Issue 19: Little Changes

Gentle Parenting

It was him who decided the consequences. These consequences still live in my body.

I don’t tell anyone that I’m envious of my son’s body. How it lives unscathed, unburdened, joyful, free. I must have been like this once, yet I have no memory of that version of myself. Perhaps, I’m angry instead of envious, full of rage for what has made me forget who I used to be.


To potty train a toddler one must be persistent yet patient. Firm, yet rewarding. This is what I learn from the parenting books. This is what I learn from the blogs. My son has been following us to the toilet for weeks. Curious about how we excavate ourselves, curious about what our bodies do and what this might mean for his body. It’s not until he protests his diaper changes that I look into potty training. All of the experts say we should follow our child’s lead. 

I am living out what is called “gentle parenting,” a parenting style in which a child’s lead is something to follow. One in an entirely different universe from my own childhood. A childhood where there were rules that I learned to live by. To never talk back, to be seen and not heard, to be good by any means necessary. These rules were set by both of my parents, yet mostly enforced by my father. It was him who decided what happened if you broke the rules. It was him who decided the consequences. These consequences still live in my body.

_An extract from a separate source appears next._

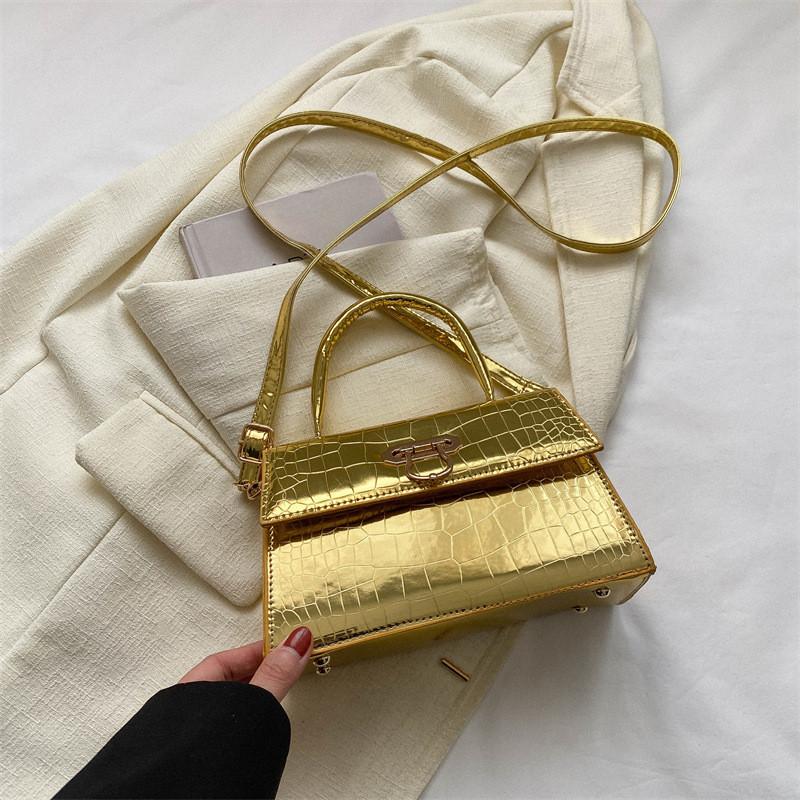 Chic Street Style Shoulder Bag For Summer 2023 Trendy Medium Pu Crossbody золотой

I talk to my father for the first time in years. We’ve long been estranged. Our rare conversations exist in sporadic Facebook messages in which he sends birthday wishes and pictures of his side of the family. Our conversations are mostly one-sided monologues; he’ll always be my father; he can’t change the past. When I become a mother, the number of messages from my father increases. He’s found out he’s a grandfather through the usual distant family channels and now he wants something else from me — to meet his grandson. 

There’s something I want too, yet the ‘something’ is hard to pin down. Is it an apology? Is it acknowledgement? An awareness of the ways that he’s parented me? A bearing of his sins? I want him to say it plainly: “I treated you horribly, and you deserved better.” Yes, maybe I want him to say it and mean it.


Gentle parenting, a term coined by Sarah Ockwell-Smith in 2016, focuses on parenting children through empathy, respect, understanding, and healthy boundaries. I learn about gentle parenting on Instagram through reels where moms talk through how they manage their toddler’s meltdowns and tantrums. In one video, I watch a Black mom gently hold her child as he writhes with frustration. He jerks his head back and hits her in the face, to which she responds by breathing slowly and repeating, “I know, I know… you’re so frustrated.” Soon, the child calms down. 

The post, although not tagged with “gentle parenting,” carries the same tenets: empathy, respect, understanding. Gentle parenting counters “traditional parenting,” which focuses more on punishment and reward. Gentle parenting emphasizes managing emotions as a parent while teaching your child to do the same. It seems reasonable to me. Yet, each gentle parenting post is a town square where commenters argue about the “right” way to parent. The comment section is filled with opinions, from how gentle parenting is just “spoiling your child,” to “gentle parenting would never work for my child,” to “gentle parenting is just lazy parenting.” It’s through these comments that I learn there’s so much disdain for gentle parenting. Comments dismiss and reject these ideas. Commenters say it’s too soft of an approach. It makes me wonder what is so disturbing about this method. One that focuses on the child’s feelings, helps them regulate, and gives them an anchor to move through big emotions, while also providing the boundaries needed to create mutual trust and respect in the parent-child relationship. Why do we want to reject this so fervently?


“If we’re going to have any sort of relationship, we need to talk about what happened when I was younger,” I tell my father. 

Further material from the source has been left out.